5. En premier lieu, aux termes de l'article L. 423-23 du code de l'entrée et du séjour des étrangers et du droit d'asile : " L'étranger qui n'entre pas dans les catégories prévues aux articles L. 423-1, L. 423-7, L. 423-14, L. 423-15, L. 423-21 et L. 423-22 ou dans celles qui ouvrent droit au regroupement familial, et qui dispose de liens personnels et familiaux en France tels que le refus d'autoriser son séjour porterait à son droit au respect de sa vie privée et familiale une atteinte disproportionnée au regard des motifs du refus, se voit délivrer une carte de séjour temporaire portant la mention " vie privée et familiale " d'une durée d'un an, sans que soit opposable la condition prévue à l'article L. 412-1. Les liens mentionnés au premier alinéa sont appréciés notamment au regard de leur intensité, de leur ancienneté et de leur stabilité, des conditions d'existence de l'étranger, de son insertion dans la société française ainsi que de la nature de ses liens avec sa famille restée dans son pays d'origine. L'insertion de l'étranger dans la société française est évaluée en tenant compte notamment de sa connaissance des valeurs de la République. ". Aux termes de l'article L. 432-2 de ce code : " Le renouvellement d'une carte de séjour temporaire (...) peut, par une décision motivée, être refusé à l'étranger qui cesse de remplir l'une des conditions exigées pour la délivrance de cette carte dont il est titulaire (...) ". Aux termes de l'article 8 de la convention européenne de sauvegarde des droits de l'homme et des libertés fondamentales : " 1. Toute personne a droit au respect de sa vie privée et familiale, de son domicile et de sa correspondance. 2. Il ne peut y avoir ingérence d'une autorité publique dans l'exercice de ce droit que pour autant que cette ingérence est prévue par la loi et qu'elle constitue une mesure qui, dans une société démocratique, est nécessaire à la sécurité nationale, à la sûreté publique, au bien-être économique du pays, à la défense de l'ordre et à la prévention des infractions pénales, à la protection de la santé ou de la morale ou à la protection des droits et libertés d'autrui. ".

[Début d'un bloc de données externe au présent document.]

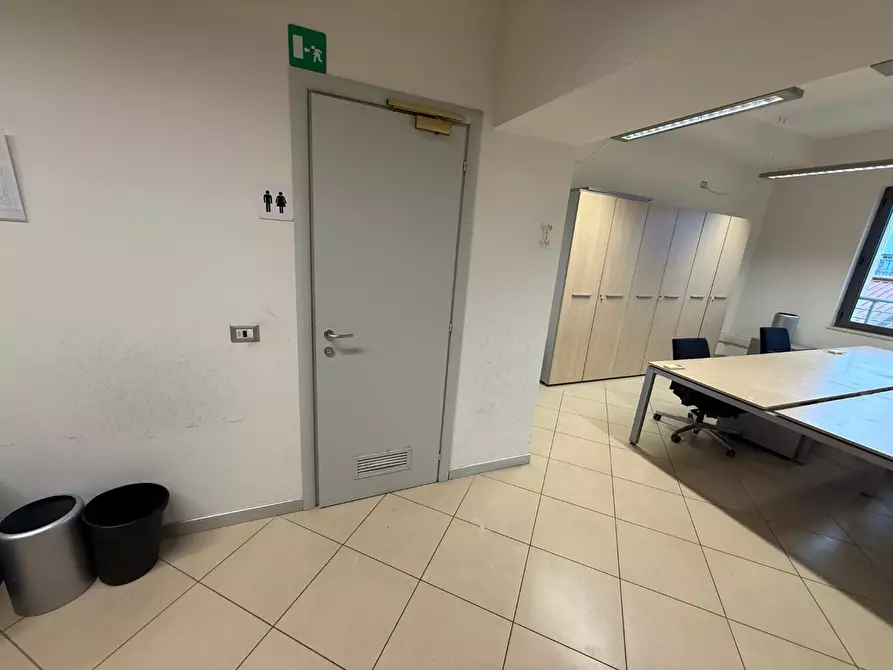 Immagine 11 di Ufficio in affitto  a Pisa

6. M. D... C..., arrivé sur le territoire français à l'âge de dix-sept ans, a été confié aux services du département de la Loire du 5 janvier au 6 avril 2016 jusqu'à sa majorité et a été muni par la suite de cartes de séjour temporaire en qualité d'étudiant puis au titre de la vie privée et familiale pour lui permettre de poursuivre sa scolarité et de suivre une formation professionnelle. S'il séjourne sur le territoire français depuis sept années et justifie, par la production de bulletins de salaire, d'une durée cumulée de travail de seize mois jusqu'en juillet 2021, il est constant qu'il a obtenu un certificat d'aptitude professionnelle dans la restauration et qu'il n'a pas travaillé après l'achèvement de cette formation lui donnant accès à un emploi dans un secteur en tension. Célibataire, M. D... C..., qui ne peut utilement se prévaloir de la naissance de son fils, le 19 août 2023, soit postérieurement à la date à laquelle a été pris le refus de renouvellement de titre de séjour, ne justifie pas de liens personnels et familiaux intenses, et stables en France. S'il a été pris en charge en tant que mineur isolé à son arrivée en France, cette circonstance ne suffit pas en soi à établir qu'il est dépourvu de toute attache familiale dans son pays d'origine et, notamment, que ses parents seraient décédés au cours de la guerre civile ayant sévi en Angola. Dans ces conditions, eu égard aux conditions de son séjour en France et notamment à l'absence de justification sociale et professionnelle particulière en France, M. D... C... n'est pas fondé à soutenir qu'en refusant de faire droit à sa demande de renouvellement de son titre de séjour, le préfet a porté à son droit au respect de sa vie privée et familiale une atteinte disproportionnée aux buts en vue desquels cette décision a été prise et qu'il a ainsi méconnu l'article L. 432-2 du code de l'entrée et du séjour des étrangers et du droit d'asile. Pour les mêmes motifs, le préfet n'a pas davantage méconnu l'article 8 de la convention européenne de sauvegarde des droits de l'homme et des libertés fondamentales en rejetant sa demande.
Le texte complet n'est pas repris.